Entropy measures the amount of information required on average to describe a random variable.

Joint Entropy

We can extend the definition of Shannon Entropy to include joint probability distributions. If there are two random variables, \(X\), and \(Y\) with outcomes \(\{x_1, \ldots,x_n\}\) and \(\{y_1, \ldots, y_m\}\). We join them together into the new random variable \((X,Y)\). If this vector has joint probability mass function \(p(x_i,y_j)\) for all \(x_i \in X\) and \(y_j \in Y\), then the Joint Entropy is: \[ H(X,Y) = -\sum_{x \in X} \sum_{y \in Y} p(x,y) log \big(p(x,y)\big) \]

Note that this says nothing about the independence of \(X\) and \(Y\). It only says that if we know the probabilities for every outcome in the joint distribution we can find the entropy of the system.

This holds true for systems of any number of random variables: \((X_1, X_2, \ldots , X_n)\).

Example

Let two events be flipping a fair coin and picking a ball out of a bag containing one white and two red balls. The separate outocomes are: \[ p(x) = \begin{cases} \frac{1}{2} \text{ heads}, \ \ \frac{1}{2} \text{ tails} \end{cases} \] and \[ p(y) = \begin{cases} \frac{1}{3} \text{ white}, \ \ \frac{2}{3} \text{ red} \end{cases} \] But the joint outcome has probability distribution: \[ p(x,y) = \begin{cases} \frac{1}{6} \text{ (heads, white),} \ \ \frac{1}{6} \text{ (tails, white),} \\ \frac{1}{3} \text{ (heads, red),} \ \ \frac{1}{3} \text{ (tails, red)} \end{cases} \] And the entropy of this joint distribution is: \[ H(X,Y) = 2 \Big( \frac{1}{6} log(6) \Big) + 2 \Big( \frac{1}{3} log(3) \Big) = 1.918 \]

Conditional Entropy

Consider two random variables, \(X\) and \(Y\), and the outcome of \(Y\) depends on the outcome of \(X\). We define conditional entropy as \[ \begin{align} H(Y|X) &= \sum_{x \in X} p(x) H(Y|X=x) \\ &= \sum_{x \in X} p(x) \sum_{y \in Y} p(y|x) log \big(p(y|x)\big) \\ &= \sum_{x \in X} \sum_{y \in Y} p(x) \frac{p(x,y)}{p(x)} log\big(p(y|x)\big) && \text{ since } p(b|a) = \frac{p(a,b)}{p(a)} \end{align} \]

Chain Rule for Entropy

\[ H(X,Y) = H(X) + H(Y|X) \]

Proof:

\[ \begin{align} H(X,Y) &= - \sum_{x\in X}\sum_{y\in Y} p(x,y) log \big( p(x,y) \big) \\ &= -\sum_{x\in X} \sum_{y\in Y} p(x,y) \ log \big( p(y|x) \ p(x) \big) && \text{ since } p(x,y) = p(y|x) \cdot p(x) \\ &= -\sum_{x\in X} \sum_{y\in Y} p(x,y) \ log \big( p(y|x) \big) -\sum_{x\in X} \sum_{y\in Y} p(x,y) \ log \big( p(x) \big) \\ &= H(Y|X) -\sum_{x\in X} p(x) \ log \big( p(x) \big) && \text{ since } \sum_{y}p(x,y) = p(x) \\ &= H(Y|X) + H(X) \end{align} \]

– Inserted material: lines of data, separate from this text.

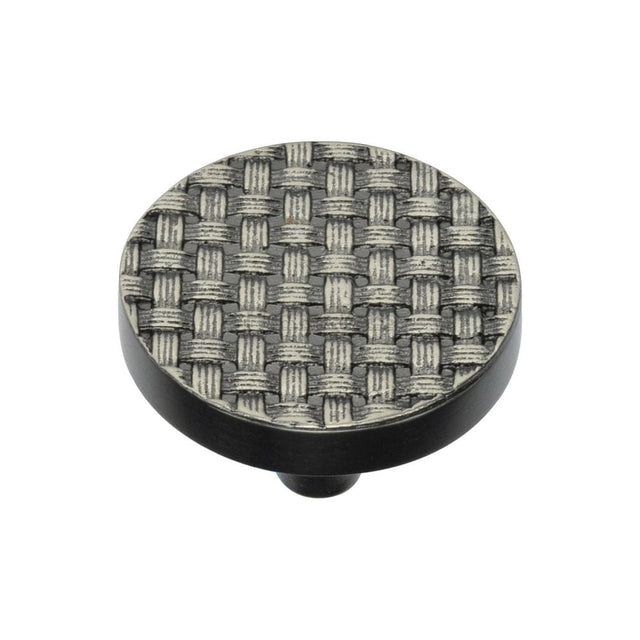 Heritage Brass Cabinet Hardware Aged Nickel / Cabinet Knobs / 38mm Dia. Heritage Brass - Cabinet Knob Round Weave Design 38mm Aged Nickel Finish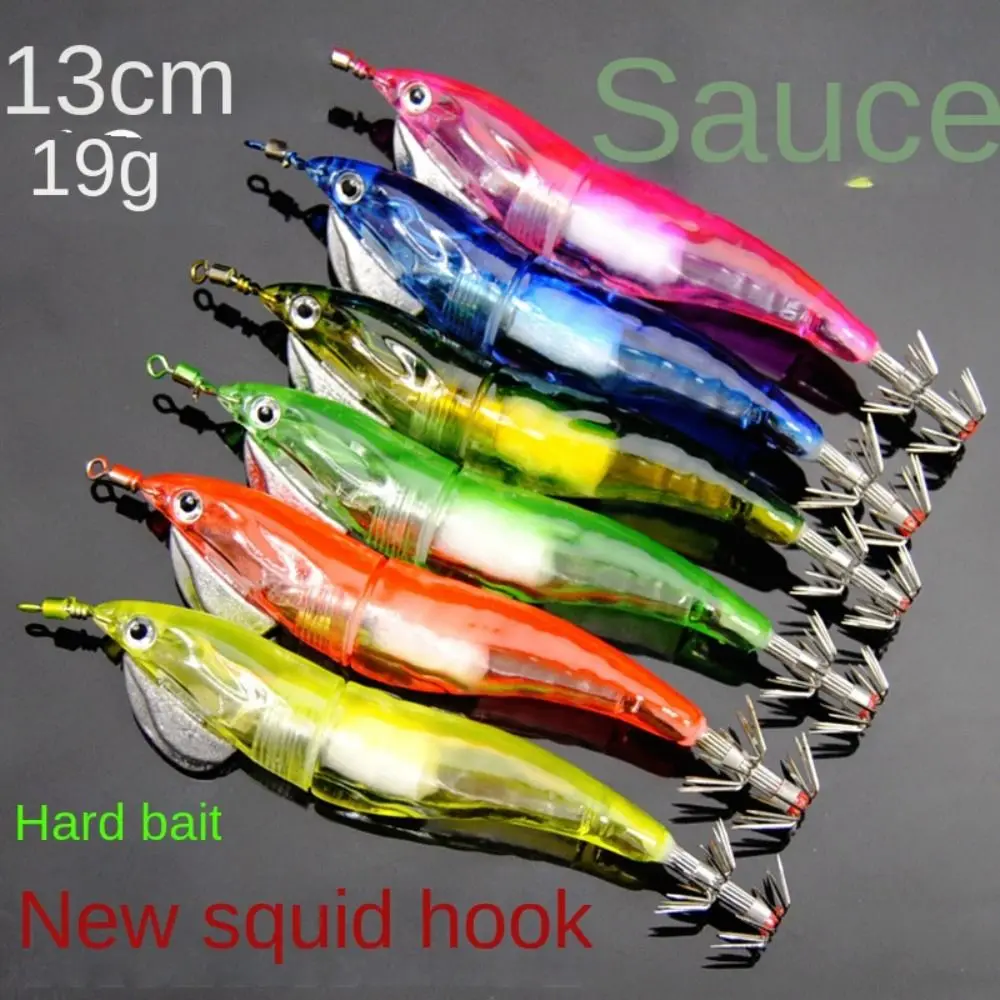 2pcs lead sinker wood shrimp lures 2023 jigs flickers squid hook 13CM 19G squid octopus lure lifelike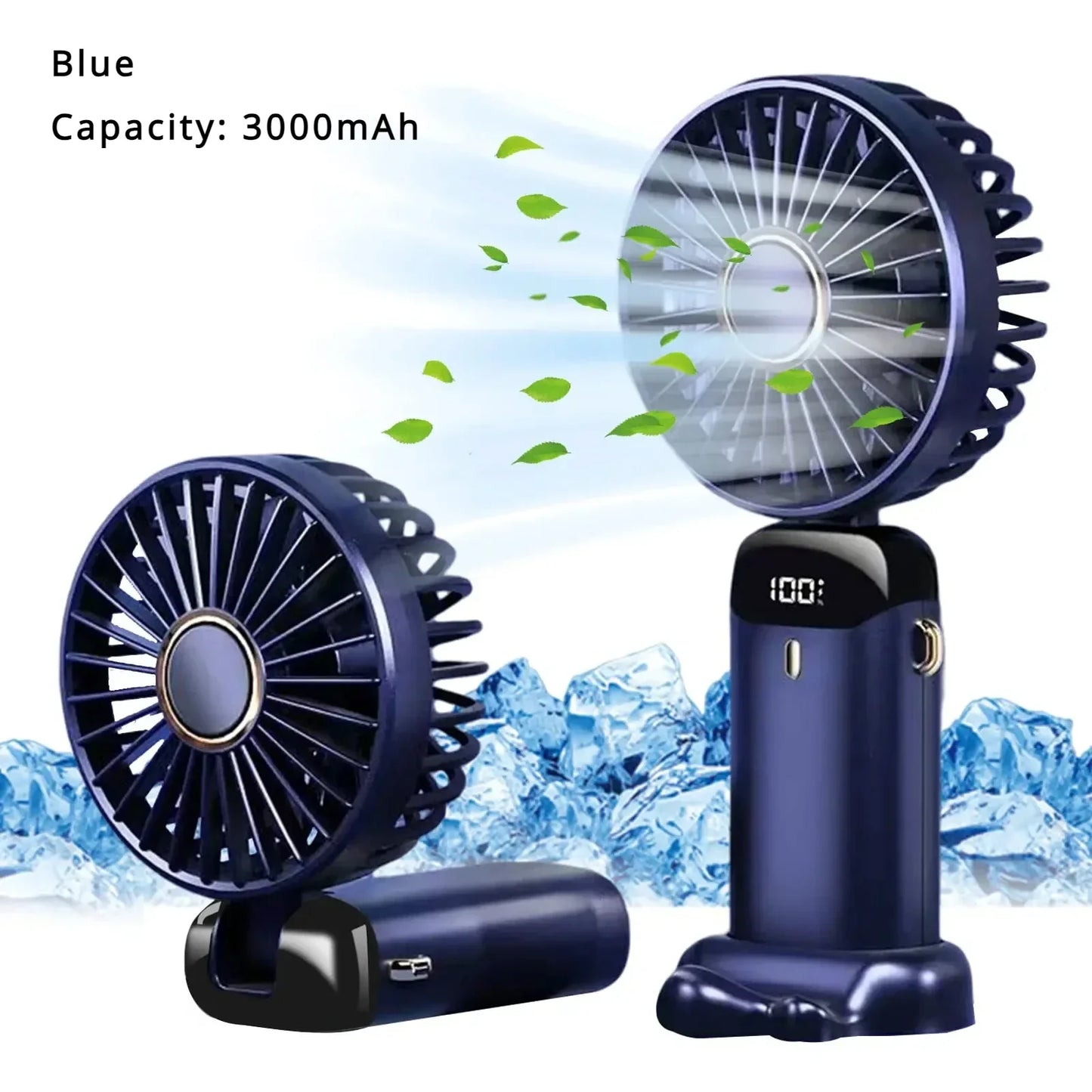5000mAh Handheld Mini Fan Wireless USB Rechargeable Portable Digital Display Phone Holder Fan 5 Speed Foldable Neck Hanging Fans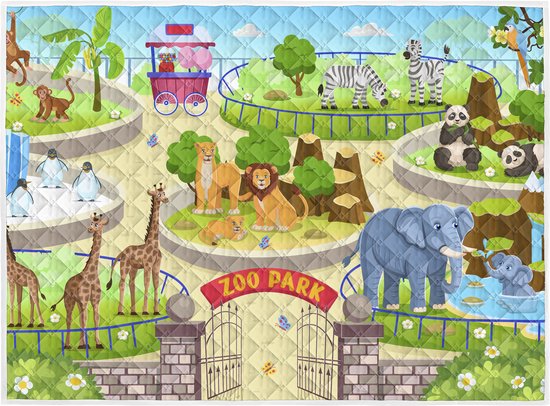 Brisby Zware Kwaliteit Speelkleed, Speelmat Anti slip en Wasbaar 150 x 200 cm. – Dierentuin 2 van Brisby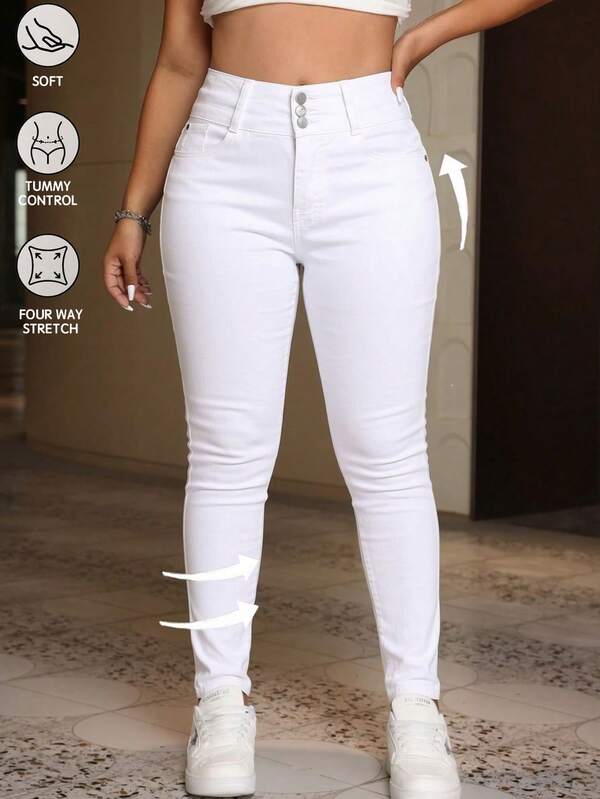 Jeans ajustados para mujer con cintura de dos botones alta elasticidad y diseño que realza la figura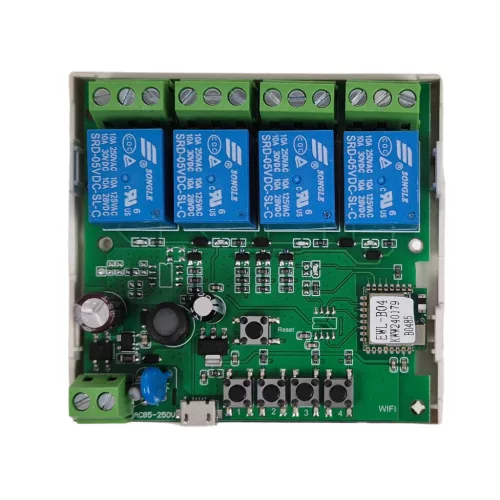SmartWise 85V-250V AC Wi-Fi + eWeLink-Remote 4-gang smart relay switch, NO/NC, dry contact, momentary switch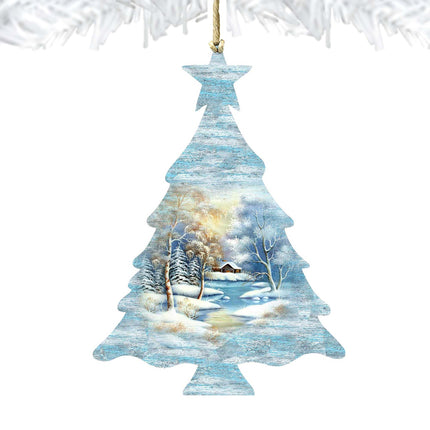 Winter Tree Wooden Ornaments by G. DeBrekht - Christmas Decor - 8198812-4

Using induction we can extend this to any number of random variables: \[ H(X_1, \ldots, X_n) = \sum_{i=1}^n H(X_i|X_1, \ldots, X_{i-1})\]

Relative Entropy

Measures the distance between two PMF distributions defined on the same random variable.

The relative entropy of two probability mass functions, \(p\) and \(q\), defined on the random variable \(X\) is defined as: \[ D(p||q) = \sum_{x \in X} p(x) log \Big( \frac{p(x)}{q(x)} \Big) \equiv E_p log \Big( \frac{p(X)}{q(X)} \Big) \]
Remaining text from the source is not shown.